Kingston was one win away from winning its first playoff series since 1998 last spring only to blow a three-games-to-none lead to the Peterborough Petes and lose Game 7 in overtime — and on home ice, no less.

That first-round meltdown cost former National Hockey League defenceman Todd Gill his job as the Frontenacs head coach.

Thus, with training camps underway this week in all 20 OHL centres, it’s another fresh start in Kingston — thankfully — with 28-year old Paul McFarland as the Frontenacs new bench boss and the well-respected John (The Snake) Goodwin as the top assistant coach.

Kingston represents the latest coaching stop for good guy Goodwin, a former OHL scoring champion with the Soo Greyhounds from the 1980-1981 season.

Goodwin, to be sure, has taken a round-about path to coaching in the OHL.

After working around his full-time position with the Ontario Power Generation to coach the Oshawa Generals for five seasons — two as an assistant and three as the headmaster, ending in 2000 — Goodwin stepped away from the OHL for 13 years.

However, when he retired from OPG in 2013 after 28 years on the job, he returned to the OHL last season as an assistant coach with the North Bay Battalion under Stan Butler.

But being away from family — Goodwin and his wife Joanne own a home in Whitby and their three children live close by — led him to accept the assistant’s job in Kingston after the Frontenacs got permission from the Battalion to talk to him.

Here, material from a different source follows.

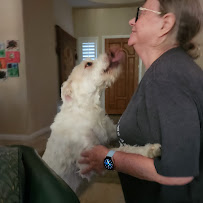 Do Walk A Dog - Photo 6 - Car repair in , Henderson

Closer to home now — and a grandfather at age 52 — Goodwin represents a safe, trusted and experienced hire under McFarland, who at age 28 is the youngest head coach in the OHL.

And while Kingston has not been the OHL poster child for success as of late, the franchise has been showing signs of resurgence under general manager Doug Gilmour, the former NHL star who has surrounded himself with good people in the Frontenacs hockey department, namely assistant GM Darren Keily and head scout Jeff McKercher.

Keily and McKercher have drafted extremely well for the Frontenacs since forming a tandem in Kingston in 2011.

The latest Keily-McKercher crop, the 2014 draft, yielded bluechip defenceman Reagan O’Grady in the first round and skilled centre Zack Dorval — who scored 48 goals in 75 games and also led the Soo Thunder minor midgets in penalty minutes in 2013-2014 — in the second round.

There are those in the scouting business who rate Kingston’s drafting of O’Grady and Dorval as potentially one of the best top-two selections of 2014.